Рынок доброты вполне себе сложился, появились новые, ранее неслыханные и невиданные определения хорошего дела. Например, можно совершить поступок «хороший, но глупый».
Это зависит от того, до какой степени вы сами пострадали, делая добро.
Главное, отнестись к миссии «хороший поступок» без надрывчика. Очень нехорошо показаться смешным или чудаковатым. Как бы ни отреагировал на ваш порыв неблагодарный страдалец (а страдальцы бывают удивительно неблагодарные), вы должны утешать себя следующим образом: «Я все равно уже увеличил количество доброты в мире».

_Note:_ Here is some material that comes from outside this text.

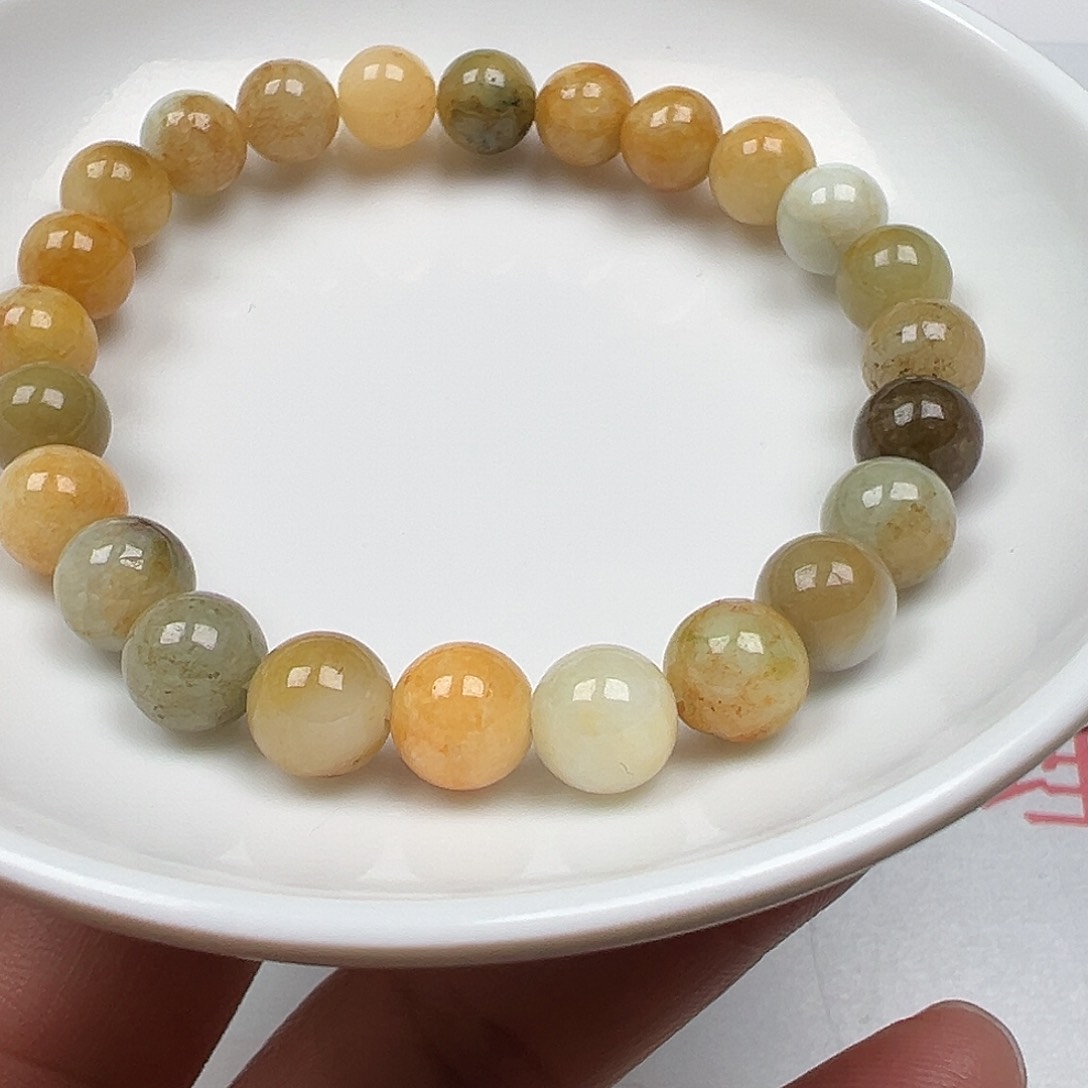 翡翠手链未镶嵌曦**霞货主老华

Перечисление добрых поступков (скажем, на сайте «Поступок.ru») рождает сложное чувство. Лучше всего это ощущение томительной внутренней неловкости определил г-н Набоков: «У меня сердце чешется. Ужасное ощущение. Такой внутренний зуд и такое безволие, такая пустота»…
Добряки перечисляют хорошее: «Однажды пьяную девушку до дома довел»; «Я вообще пьяных, уснувших на улице в мороз, всегда бужу!»

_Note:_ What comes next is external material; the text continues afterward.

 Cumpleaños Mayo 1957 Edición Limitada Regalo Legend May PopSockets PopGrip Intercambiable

«Я знаю женщину, которая каждый день дает милостыню. Но только одному человеку в день».
«Чувак, не усугубляй. Приводить домой бомжа — это лишнее. Пример — ты спас кошечку? Ты молодец! Ты спас двадцать кошечек и поселил их в своей квартире? Ты городской сумасшедший, и мы идем спасать тебя».
«Хорошие поступки совершать плохо. Лучше совершать целенаправленно продуктивные поступки».
В многочисленных спорах рождаются чеканные формулировки. Героический поступок — это если человек жертвует жизнью или тратит здоровье. (И это сомнительный поступок, потому что где же здоровое чувство самосохранения?)
Хороший поступок — когда человек тратит время или силы.
Мне показалось, что нужно ввести новое определение — «хорошенький поступок». Это когда благодетель тратит деньги.
Добренький мальчик совершил хорошенький поступок. О, а еще дал целенаправленно продуктивный совет.
Я прочла недавно целенаправленно продуктивный совет.
Сначала в самом обыкновенном, и даже с романтическим уклоном, девичьем чате я нашла запись, названную автором «Печальная история»: «Я считала себя сливкой общества, а оказалась обычной быдлой. Меня выгнали с работы как никому не нужную, я раньше презирала тех, кто ходит на оптовый рынок, а сейчас смотрю телевизор, вижу рекламу с вкусной едой, и слезы, и слюни сами текут! Я не могу быть бедной, я повешусь!» Какая уж тут печаль — тут ужас. Это просто страшный крик в ночи. А за ужасом следовал добрый совет: «Дорогая Iriska! Повеситься — правильно тактически, но неправильно стратегически!»
Самодельная наша идеология только строится, границы ее еще не определены. Прирастает страхом — страхом перед нищетой, страхом перед неуспешностью, страхом перед самим понятием «успех». И единственная-то защита — семья (за которую почетно костьми лечь) и беспощадный филистерский здравый смысл.